我正在从我自己的定制环境中编写一个Q-Learning RL代码，但我在代码中遇到了这个错误（模块“plotting”没有属性“Epicodestats”）这是我的Q-Learning代码：

pip install plotting
import itertools 
import pandas as pd 
from collections import defaultdict 
import json
import numpy as np
from keras.models import Sequential
from keras.layers.core import Dense
from keras.optimizers import sgd
from FooEnv import FooEnv
import random
import sys 
sys.setrecursionlimit(10**6)
import time
import os
import matplotlib
from collections import namedtuple
from collections import deque, namedtuple
import plotting 
matplotlib.style.use('ggplot')

real_time_info = [0.0, 0.0, 0.0, 0.0]
start = [0.0, 0.0, 0.0, 0.0, 0.0, 1.0,1.0]
env = FooEnv(start,real_time_info)
num_actions=17
num_episodes=1000

def createEpsilonGreedyPolicy(Q, epsilon, num_actions): 
    """ 
    Creates an epsilon-greedy policy based 
    on a given Q-function and epsilon. 

    Returns a function that takes the state 
    as an input and returns the probabilities 
    for each action in the form of a numpy array  
    of length of the action space(set of possible actions). 
    """
    def policyFunction(state): 

        Action_probabilities = np.ones(num_actions, 
                dtype = float) * epsilon / num_actions 

        best_action = np.argmax(Q[state]) 
        Action_probabilities[best_action] += (1.0 - epsilon) 
        return Action_probabilities 

    return policyFunction


def qLearning(env, num_episodes, discount_factor = 1.0, 
                            alpha = 0.6, epsilon = 0.1): 
    """ 
    Q-Learning algorithm: Off-policy TD control. 
    Finds the optimal greedy policy while improving 
    following an epsilon-greedy policy"""

    # Action value function 
    # A nested dictionary that maps 
    # state -> (action -> action-value). 
    Q = defaultdict(lambda: np.zeros(env.action_space.n)) 

    # Keeps track of useful statistics 
    stats = plotting.EpisodeStats( 
        episode_lengths = np.zeros(num_episodes), 
        episode_rewards = np.zeros(num_episodes))    

    # Create an epsilon greedy policy function 
    # appropriately for environment action space 
    policy = createEpsilonGreedyPolicy(Q, epsilon, env.action_space.n) 

    # For every episode 
    for ith_episode in range(num_episodes): 

        # Reset the environment and pick the first action 
        state = env.reset() 

        for t in itertools.count(): 

            # get probabilities of all actions from current state 
            action_probabilities = policy(state) 

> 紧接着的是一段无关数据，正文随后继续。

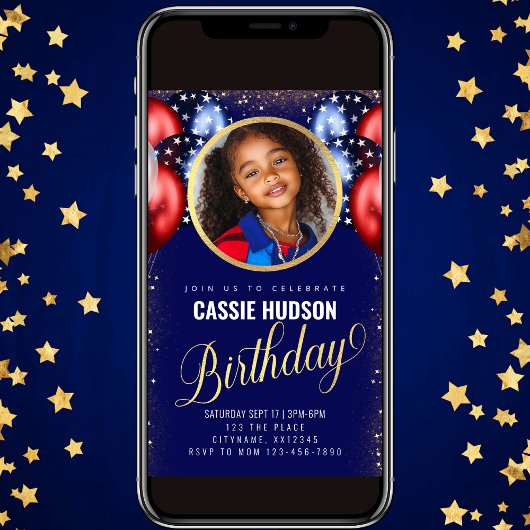 Red White Blue Balloons Kindergeburtstag Einladung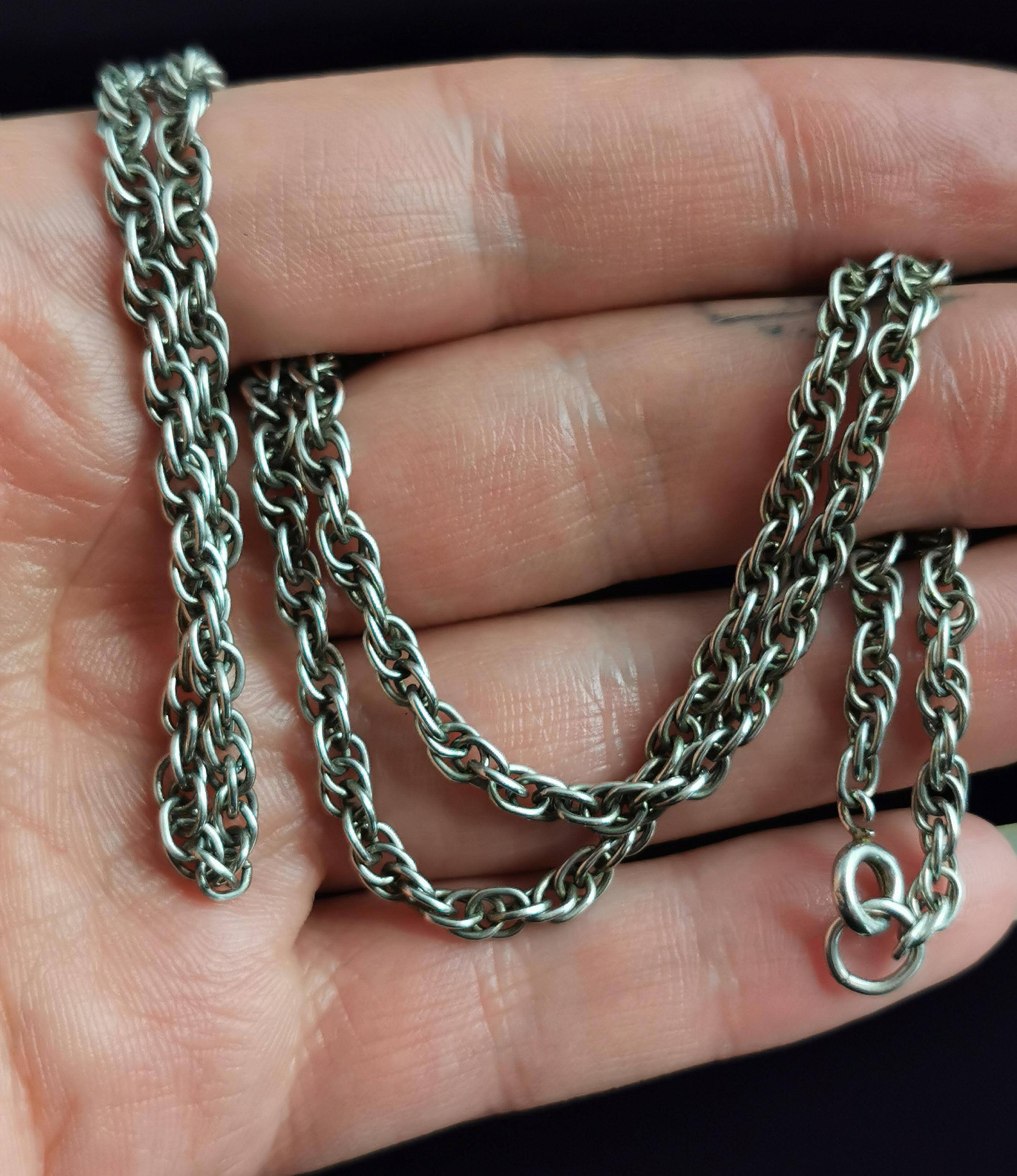 Vintage Art Deco Silver Fancy Rope Link Chain Necklace 4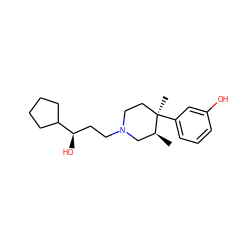 C[C@H]1CN(CC[C@@H](O)C2CCCC2)CC[C@@]1(C)c1cccc(O)c1 ZINC000013833045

            # choose action according to 
            # the probability distribution 
            action = np.random.choice(np.arange( 
                    len(action_probabilities)), 
                    p = action_probabilities) 

            # take action and get reward, transit to next state 
            next_state, reward, done, _ = env.step(action) 

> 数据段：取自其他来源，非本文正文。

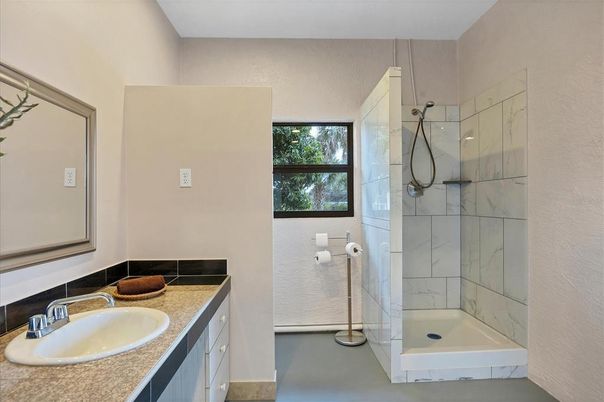 Bathroom, Glass Shower, Interior, Marble Walls
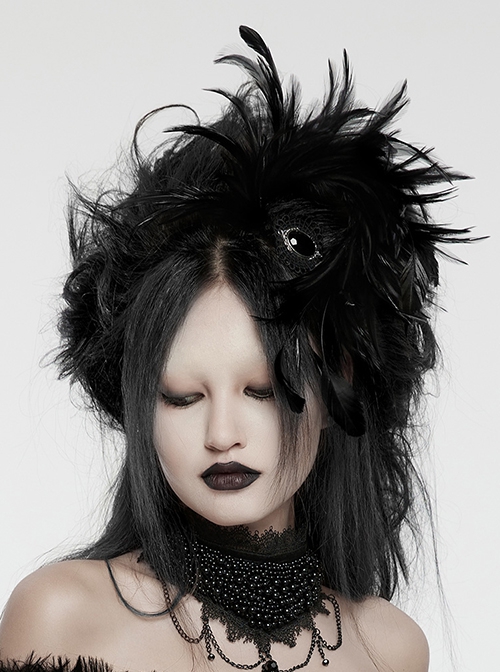 Asymmetrical Black Feathers With Crystal Embellishments Hairpin At The Bottom To Secure The Gothic Devil Feather Headdress
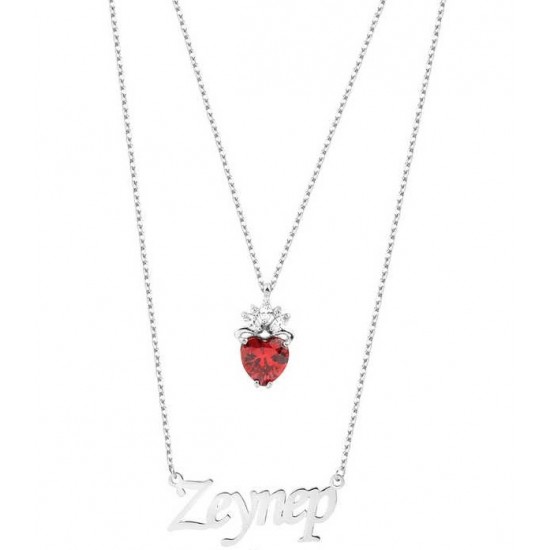 Çift Zincirli İsimli Taçlı Gümüş Beyaz Kolye GMS1890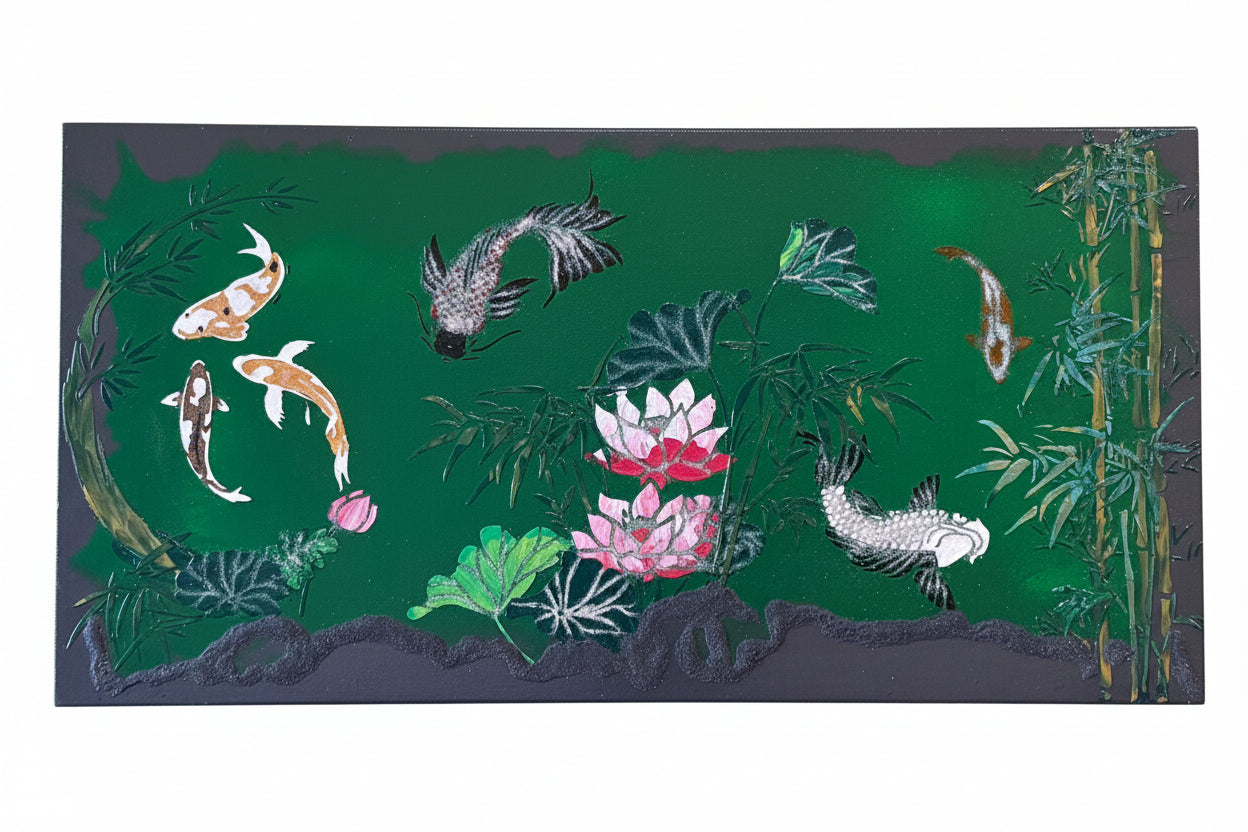 A rectangular green decorative panel or wall art featuring hand painted koi fish, lotus flowers, bamboo, and dark rock silhouettes, shown against a plain white background.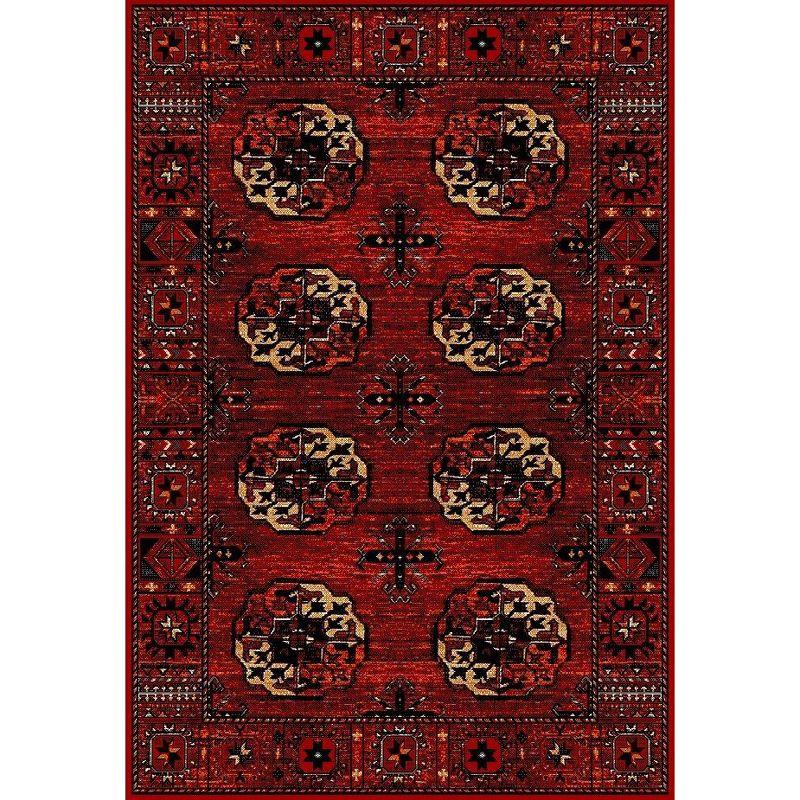 Antique Patina Red Synthetic Rectangular Area Rug 6'7" x 9'0"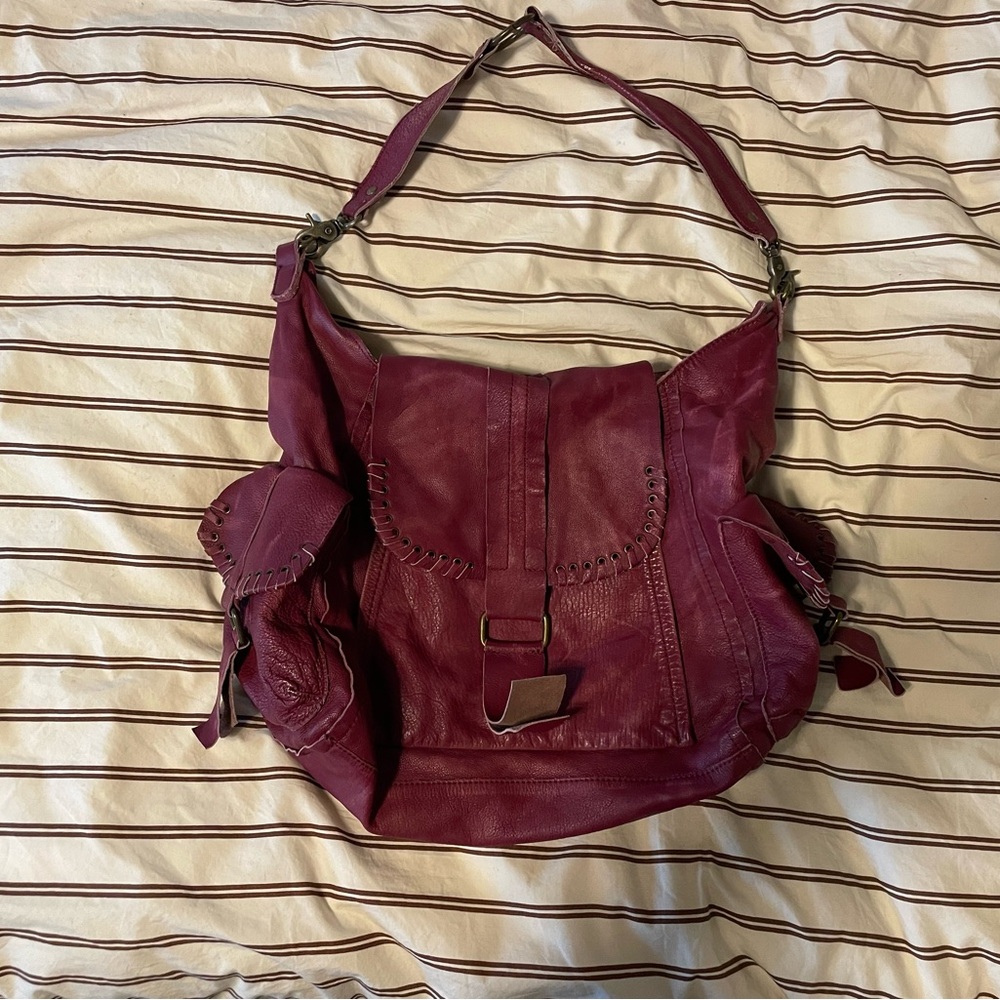 We The Free Leigh Distressed Tote, Elegant Burgundy Leather Shoulder Bag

            # Update statistics 
            stats.episode_rewards[ith_episode] += reward 
            stats.episode_lengths[ith_episode] = t 

            # TD Update 
            best_next_action = np.argmax(Q[next_state])  
            td_target = reward + discount_factor * Q[next_state][best_next_action] 
            td_delta = td_target - Q[state][action] 
            Q[state][action] += alpha * td_delta 

            # done is True if episode terminated 
            if done: 
                break

            state = next_state 

    return Q, stats

这是我在互联网上找到的一个代码，我认为它应该工作得很好。但我在这一行有一个错误：

    **module 'plotting' has no attribute 'EpisodeStats'**

stats = plotting.EpisodeStats( 
            episode_lengths = np.zeros(num_episodes), 
            episode_rewards = np.zeros(num_episodes))

如果您能给我一些建议，我将不胜感激。

同样的问题。然后我从github找到了这个版本的。

将原来的plotting.py替换为该文件后，修复了此问题。

正在打印自定义类还是某个标准库？能否将链接添加到具有绘图类的文件？